3. Night Skies by Steven Spielberg
‘Night Skies’ was a project shelved by Spielberg to opt in favor of the iconic but outdated E.T. the Extra Terrestrial. Night Skies was supposed to be a horror film, and could have predated Scott Ridley’s ‘Alien’. Going by the models and script, Spielberg’s Night Skies would have been much more explicit in its depiction of extra-terrestrial life than the slow burning Alien. It was supposed to be a spiritual sequel to ‘Close Encounters of the Third Kind’ and incorporated themes that were used in other Spielberg affiliated films like ‘Gremlins’, ‘Poltergeist’, ‘E.T’, ‘Critters’ and ‘Signs’. Spielberg was inspired by the Kelly-Hopkinsville incident, where a family reported an alien encounter. Special effects Rick Baker had apparently spent $700k on the models and animatronics and judging by his future work, it’s disheartening to know that this project was shut down.

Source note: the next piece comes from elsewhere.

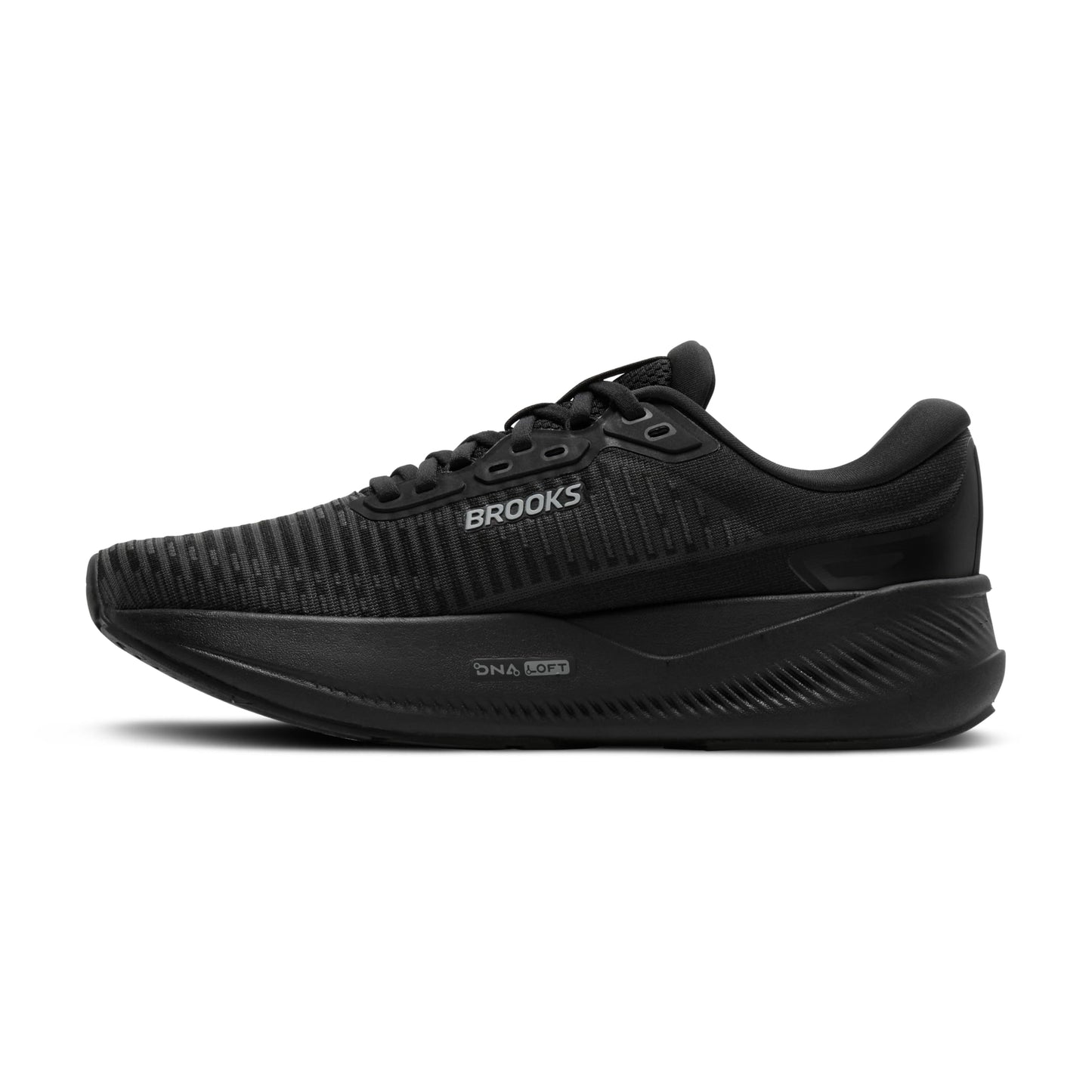 Brooks Men’s Revel Max Neutral Running & Walking Shoe - Black/Black/Ebony - 10.5 Medium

2. Kaleidoscope by Alfred Hitchcock
The Master of Suspense was known for his austerity to challenge the manner in which horror was perceived in films. But there’s an interesting question, how many of us can name the films he directed after Psycho without straining our minds? After the 60’s, which felt like an impending demise of his career, Hitchcock came up with Frenzy in ’72, a film molded by early slasher and giallo elements. Hitchcock originally wanted to make ‘Kaleidoscope’, a ruthless serial killer movie with exceptional amount of nudity and violence, that would have been the archetype for the modern slasher, something Psycho is ridiculously credited for. Universal rejected the idea even though Hitchcock planned to make it under $1 million and his close friend Truffaut’s uncertainty over the explicitness of the material made the director throw it aside. Some plot points were used in Frenzy, but Hitchcock’s unmade film with its first person style could have been a relishing entry into modern horror.
1. Aryan Papers by Stanley Kubrick
When I observe a Stanley Kubrick film, I slump into this puddle of hopelessness, not because of his stark dehumanizing opinions of the world but because of his habit to take the art to to its zenith. His surreal color palette, mesmerizing visual language, attention demanding sound design or the crap his characters were forced to eat, every aspect was attended with such detail, it would drive a normal person to hysteria. This is probably why I consider Kubrick’s ‘Aryan Papers’ as one of the greatest unmade films to have suffered the brunt of development problems. Many would talk about Kubrick’s ‘Napoleon’, but it is to be noted that the movie never entered development stage. Aryan Papers was based on Louis Begley’s Wartime Lies, but the draft was as usual penned by Kubrick himself and he had even selected locations as well as the cast. Kubrick apparently dropped it after the release of ‘Schindler’s List’, which I believe is an extremely diluted depiction of the Holocaust. There were probably uncertainties in his and the production house’s minds regarding the reaction of a Kubrickian film after Spielberg’s upbeat “tragedy” film. This was also worsened by Kubrick’s own realization that a distilled version was impossible to convey in 2-3 hours, and that anything less would just be insulting to the millions who were murdered.